_Your task_
Set down the material in full. Keep every line exactly as it is.

_Source data_
• • • • • • •

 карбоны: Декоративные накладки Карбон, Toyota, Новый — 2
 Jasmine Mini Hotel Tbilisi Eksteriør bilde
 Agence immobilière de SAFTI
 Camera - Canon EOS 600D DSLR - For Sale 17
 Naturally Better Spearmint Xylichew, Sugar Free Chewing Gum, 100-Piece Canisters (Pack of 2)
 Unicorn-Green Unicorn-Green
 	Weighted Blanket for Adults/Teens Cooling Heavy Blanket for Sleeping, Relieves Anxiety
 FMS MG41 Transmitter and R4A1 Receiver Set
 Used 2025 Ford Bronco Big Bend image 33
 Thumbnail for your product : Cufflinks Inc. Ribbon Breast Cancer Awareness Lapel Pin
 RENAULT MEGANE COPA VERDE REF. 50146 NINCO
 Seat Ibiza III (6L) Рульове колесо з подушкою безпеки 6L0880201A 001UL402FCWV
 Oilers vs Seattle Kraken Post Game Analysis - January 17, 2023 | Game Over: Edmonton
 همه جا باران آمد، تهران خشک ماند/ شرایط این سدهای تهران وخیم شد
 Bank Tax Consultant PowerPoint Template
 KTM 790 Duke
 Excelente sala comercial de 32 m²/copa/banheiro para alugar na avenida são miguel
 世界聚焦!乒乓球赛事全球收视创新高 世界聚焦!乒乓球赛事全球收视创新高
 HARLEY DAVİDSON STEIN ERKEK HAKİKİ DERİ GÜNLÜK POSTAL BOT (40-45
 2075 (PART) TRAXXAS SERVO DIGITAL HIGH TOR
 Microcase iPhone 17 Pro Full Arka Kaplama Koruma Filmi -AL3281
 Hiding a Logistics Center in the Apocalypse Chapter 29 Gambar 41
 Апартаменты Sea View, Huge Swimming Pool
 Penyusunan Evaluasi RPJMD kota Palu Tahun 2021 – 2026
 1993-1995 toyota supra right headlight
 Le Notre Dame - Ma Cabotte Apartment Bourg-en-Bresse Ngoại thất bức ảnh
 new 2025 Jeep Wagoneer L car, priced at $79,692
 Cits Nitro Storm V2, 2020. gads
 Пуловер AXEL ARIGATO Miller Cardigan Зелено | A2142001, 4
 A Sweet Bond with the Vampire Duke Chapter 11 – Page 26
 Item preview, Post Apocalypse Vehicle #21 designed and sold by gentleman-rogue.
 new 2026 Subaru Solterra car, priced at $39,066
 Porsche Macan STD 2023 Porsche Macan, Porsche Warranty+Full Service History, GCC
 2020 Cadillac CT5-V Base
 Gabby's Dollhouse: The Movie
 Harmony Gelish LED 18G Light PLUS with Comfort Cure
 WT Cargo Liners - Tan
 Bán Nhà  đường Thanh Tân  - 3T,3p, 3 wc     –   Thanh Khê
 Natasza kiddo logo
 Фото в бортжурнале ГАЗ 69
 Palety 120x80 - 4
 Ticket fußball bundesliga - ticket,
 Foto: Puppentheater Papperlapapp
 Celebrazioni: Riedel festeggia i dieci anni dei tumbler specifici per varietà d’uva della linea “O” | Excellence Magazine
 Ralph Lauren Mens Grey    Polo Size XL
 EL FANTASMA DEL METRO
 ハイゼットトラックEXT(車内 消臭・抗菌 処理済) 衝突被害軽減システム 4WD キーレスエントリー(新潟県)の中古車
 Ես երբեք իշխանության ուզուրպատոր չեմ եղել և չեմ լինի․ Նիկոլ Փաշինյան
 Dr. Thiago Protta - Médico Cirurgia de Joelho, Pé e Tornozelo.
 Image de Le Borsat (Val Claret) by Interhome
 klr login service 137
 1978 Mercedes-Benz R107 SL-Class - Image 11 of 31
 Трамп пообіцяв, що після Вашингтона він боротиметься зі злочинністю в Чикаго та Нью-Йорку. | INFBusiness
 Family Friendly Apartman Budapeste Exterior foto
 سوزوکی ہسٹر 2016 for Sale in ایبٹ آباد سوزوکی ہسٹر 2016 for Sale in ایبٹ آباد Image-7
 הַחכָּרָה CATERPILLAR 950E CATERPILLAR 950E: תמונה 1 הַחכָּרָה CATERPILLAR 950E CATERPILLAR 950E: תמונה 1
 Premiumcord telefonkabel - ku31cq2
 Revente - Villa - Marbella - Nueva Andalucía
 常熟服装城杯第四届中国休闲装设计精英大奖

• • • • • • •

_Response for this exercise_
 карбоны: Декоративные накладки Карбон, Toyota, Новый — 2
 Jasmine Mini Hotel Tbilisi Eksteriør bilde
 Agence immobilière de SAFTI
 Camera - Canon EOS 600D DSLR - For Sale 17
 Naturally Better Spearmint Xylichew, Sugar Free Chewing Gum, 100-Piece Canisters (Pack of 2)
 Unicorn-Green Unicorn-Green
 	Weighted Blanket for Adults/Teens Cooling Heavy Blanket for Sleeping, Relieves Anxiety
 FMS MG41 Transmitter and R4A1 Receiver Set
 Used 2025 Ford Bronco Big Bend image 33
 Thumbnail for your product : Cufflinks Inc. Ribbon Breast Cancer Awareness Lapel Pin
 RENAULT MEGANE COPA VERDE REF. 50146 NINCO
 Seat Ibiza III (6L) Рульове колесо з подушкою безпеки 6L0880201A 001UL402FCWV
 Oilers vs Seattle Kraken Post Game Analysis - January 17, 2023 | Game Over: Edmonton
 همه جا باران آمد، تهران خشک ماند/ شرایط این سدهای تهران وخیم شد
 Bank Tax Consultant PowerPoint Template
 KTM 790 Duke
 Excelente sala comercial de 32 m²/copa/banheiro para alugar na avenida são miguel
 世界聚焦!乒乓球赛事全球收视创新高 世界聚焦!乒乓球赛事全球收视创新高
 HARLEY DAVİDSON STEIN ERKEK HAKİKİ DERİ GÜNLÜK POSTAL BOT (40-45
 2075 (PART) TRAXXAS SERVO DIGITAL HIGH TOR
 Microcase iPhone 17 Pro Full Arka Kaplama Koruma Filmi -AL3281
 Hiding a Logistics Center in the Apocalypse Chapter 29 Gambar 41
 Апартаменты Sea View, Huge Swimming Pool
 Penyusunan Evaluasi RPJMD kota Palu Tahun 2021 – 2026
 1993-1995 toyota supra right headlight
 Le Notre Dame - Ma Cabotte Apartment Bourg-en-Bresse Ngoại thất bức ảnh
 new 2025 Jeep Wagoneer L car, priced at $79,692
 Cits Nitro Storm V2, 2020. gads
 Пуловер AXEL ARIGATO Miller Cardigan Зелено | A2142001, 4
 A Sweet Bond with the Vampire Duke Chapter 11 – Page 26
 Item preview, Post Apocalypse Vehicle #21 designed and sold by gentleman-rogue.
 new 2026 Subaru Solterra car, priced at $39,066
 Porsche Macan STD 2023 Porsche Macan, Porsche Warranty+Full Service History, GCC
 2020 Cadillac CT5-V Base
 Gabby's Dollhouse: The Movie
 Harmony Gelish LED 18G Light PLUS with Comfort Cure
 WT Cargo Liners - Tan
 Bán Nhà  đường Thanh Tân  - 3T,3p, 3 wc     –   Thanh Khê
 Natasza kiddo logo
 Фото в бортжурнале ГАЗ 69
 Palety 120x80 - 4
 Ticket fußball bundesliga - ticket,
 Foto: Puppentheater Papperlapapp
 Celebrazioni: Riedel festeggia i dieci anni dei tumbler specifici per varietà d’uva della linea “O” | Excellence Magazine
 Ralph Lauren Mens Grey    Polo Size XL
 EL FANTASMA DEL METRO
 ハイゼットトラックEXT(車内 消臭・抗菌 処理済) 衝突被害軽減システム 4WD キーレスエントリー(新潟県)の中古車
 Ես երբեք իշխանության ուզուրպատոր չեմ եղել և չեմ լինի․ Նիկոլ Փաշինյան
 Dr. Thiago Protta - Médico Cirurgia de Joelho, Pé e Tornozelo.
 Image de Le Borsat (Val Claret) by Interhome
 klr login service 137
 1978 Mercedes-Benz R107 SL-Class - Image 11 of 31
 Трамп пообіцяв, що після Вашингтона він боротиметься зі злочинністю в Чикаго та Нью-Йорку. | INFBusiness
 Family Friendly Apartman Budapeste Exterior foto
 سوزوکی ہسٹر 2016 for Sale in ایبٹ آباد سوزوکی ہسٹر 2016 for Sale in ایبٹ آباد Image-7
 הַחכָּרָה CATERPILLAR 950E CATERPILLAR 950E: תמונה 1 הַחכָּרָה CATERPILLAR 950E CATERPILLAR 950E: תמונה 1
 Premiumcord telefonkabel - ku31cq2
 Revente - Villa - Marbella - Nueva Andalucía
 常熟服装城杯第四届中国休闲装设计精英大奖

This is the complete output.